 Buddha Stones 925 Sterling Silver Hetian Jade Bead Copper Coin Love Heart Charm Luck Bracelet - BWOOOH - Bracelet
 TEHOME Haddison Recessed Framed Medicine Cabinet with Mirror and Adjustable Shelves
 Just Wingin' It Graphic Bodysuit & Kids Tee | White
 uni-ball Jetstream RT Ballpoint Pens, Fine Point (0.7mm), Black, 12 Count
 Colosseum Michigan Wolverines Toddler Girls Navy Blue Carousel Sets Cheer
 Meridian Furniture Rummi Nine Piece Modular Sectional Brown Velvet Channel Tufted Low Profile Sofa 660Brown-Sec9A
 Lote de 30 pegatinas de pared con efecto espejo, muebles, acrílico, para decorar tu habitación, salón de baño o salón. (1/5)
_ _ _ _ _
#### [DESCRIPTION OF THE TASK]
An exact copy of every line above is needed.

#### [REPLY]
 Buddha Stones 925 Sterling Silver Hetian Jade Bead Copper Coin Love Heart Charm Luck Bracelet - BWOOOH - Bracelet
 TEHOME Haddison Recessed Framed Medicine Cabinet with Mirror and Adjustable Shelves
 Just Wingin' It Graphic Bodysuit & Kids Tee | White
 uni-ball Jetstream RT Ballpoint Pens, Fine Point (0.7mm), Black, 12 Count
 Colosseum Michigan Wolverines Toddler Girls Navy Blue Carousel Sets Cheer
 Meridian Furniture Rummi Nine Piece Modular Sectional Brown Velvet Channel Tufted Low Profile Sofa 660Brown-Sec9A
 Lote de 30 pegatinas de pared con efecto espejo, muebles, acrílico, para decorar tu habitación, salón de baño o salón. (1/5)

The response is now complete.